• **Description of the task**
Would you print all of the records below exactly, without skipping any?

• **Provided material**
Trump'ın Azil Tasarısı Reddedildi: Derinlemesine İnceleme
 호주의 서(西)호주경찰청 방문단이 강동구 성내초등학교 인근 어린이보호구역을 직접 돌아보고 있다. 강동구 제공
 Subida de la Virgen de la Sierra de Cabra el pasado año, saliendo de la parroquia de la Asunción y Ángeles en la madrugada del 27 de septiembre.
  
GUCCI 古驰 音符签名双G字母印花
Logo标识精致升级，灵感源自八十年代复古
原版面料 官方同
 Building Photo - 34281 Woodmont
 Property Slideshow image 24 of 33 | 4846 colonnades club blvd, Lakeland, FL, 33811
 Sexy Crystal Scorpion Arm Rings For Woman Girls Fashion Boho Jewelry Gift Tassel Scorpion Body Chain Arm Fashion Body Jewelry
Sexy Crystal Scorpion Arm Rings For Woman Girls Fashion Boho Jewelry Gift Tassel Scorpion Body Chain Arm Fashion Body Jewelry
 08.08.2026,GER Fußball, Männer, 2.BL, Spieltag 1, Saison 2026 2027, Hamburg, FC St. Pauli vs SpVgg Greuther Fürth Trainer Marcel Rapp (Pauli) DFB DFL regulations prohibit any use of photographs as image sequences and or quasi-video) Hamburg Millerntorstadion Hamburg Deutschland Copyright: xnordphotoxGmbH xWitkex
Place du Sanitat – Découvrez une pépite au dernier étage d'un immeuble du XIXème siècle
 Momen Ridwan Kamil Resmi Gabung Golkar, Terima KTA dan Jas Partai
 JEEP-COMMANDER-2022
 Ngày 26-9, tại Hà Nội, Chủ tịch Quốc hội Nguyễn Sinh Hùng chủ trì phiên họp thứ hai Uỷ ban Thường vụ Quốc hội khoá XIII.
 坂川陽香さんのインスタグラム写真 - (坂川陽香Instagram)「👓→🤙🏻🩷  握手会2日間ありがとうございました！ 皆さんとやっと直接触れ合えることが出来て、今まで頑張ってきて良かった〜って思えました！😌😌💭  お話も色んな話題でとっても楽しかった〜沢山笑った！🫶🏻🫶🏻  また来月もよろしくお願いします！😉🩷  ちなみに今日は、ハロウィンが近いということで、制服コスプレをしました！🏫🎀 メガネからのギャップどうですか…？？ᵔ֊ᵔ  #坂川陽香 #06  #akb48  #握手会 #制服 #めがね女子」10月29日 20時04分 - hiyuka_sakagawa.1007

• **Finished task**
Trump'ın Azil Tasarısı Reddedildi: Derinlemesine İnceleme
 호주의 서(西)호주경찰청 방문단이 강동구 성내초등학교 인근 어린이보호구역을 직접 돌아보고 있다. 강동구 제공
 Subida de la Virgen de la Sierra de Cabra el pasado año, saliendo de la parroquia de la Asunción y Ángeles en la madrugada del 27 de septiembre.
  
GUCCI 古驰 音符签名双G字母印花
Logo标识精致升级，灵感源自八十年代复古
原版面料 官方同
 Building Photo - 34281 Woodmont
 Property Slideshow image 24 of 33 | 4846 colonnades club blvd, Lakeland, FL, 33811
 Sexy Crystal Scorpion Arm Rings For Woman Girls Fashion Boho Jewelry Gift Tassel Scorpion Body Chain Arm Fashion Body Jewelry
Sexy Crystal Scorpion Arm Rings For Woman Girls Fashion Boho Jewelry Gift Tassel Scorpion Body Chain Arm Fashion Body Jewelry
 08.08.2026,GER Fußball, Männer, 2.BL, Spieltag 1, Saison 2026 2027, Hamburg, FC St. Pauli vs SpVgg Greuther Fürth Trainer Marcel Rapp (Pauli) DFB DFL regulations prohibit any use of photographs as image sequences and or quasi-video) Hamburg Millerntorstadion Hamburg Deutschland Copyright: xnordphotoxGmbH xWitkex
Place du Sanitat – Découvrez une pépite au dernier étage d'un immeuble du XIXème siècle
 Momen Ridwan Kamil Resmi Gabung Golkar, Terima KTA dan Jas Partai
 JEEP-COMMANDER-2022
 Ngày 26-9, tại Hà Nội, Chủ tịch Quốc hội Nguyễn Sinh Hùng chủ trì phiên họp thứ hai Uỷ ban Thường vụ Quốc hội khoá XIII.
 坂川陽香さんのインスタグラム写真 - (坂川陽香Instagram)「👓→🤙🏻🩷  握手会2日間ありがとうございました！ 皆さんとやっと直接触れ合えることが出来て、今まで頑張ってきて良かった〜って思えました！😌😌💭  お話も色んな話題でとっても楽しかった〜沢山笑った！🫶🏻🫶🏻  また来月もよろしくお願いします！😉🩷  ちなみに今日は、ハロウィンが近いということで、制服コスプレをしました！🏫🎀 メガネからのギャップどうですか…？？ᵔ֊ᵔ  #坂川陽香 #06  #akb48  #握手会 #制服 #めがね女子」10月29日 20時04分 - hiyuka_sakagawa.1007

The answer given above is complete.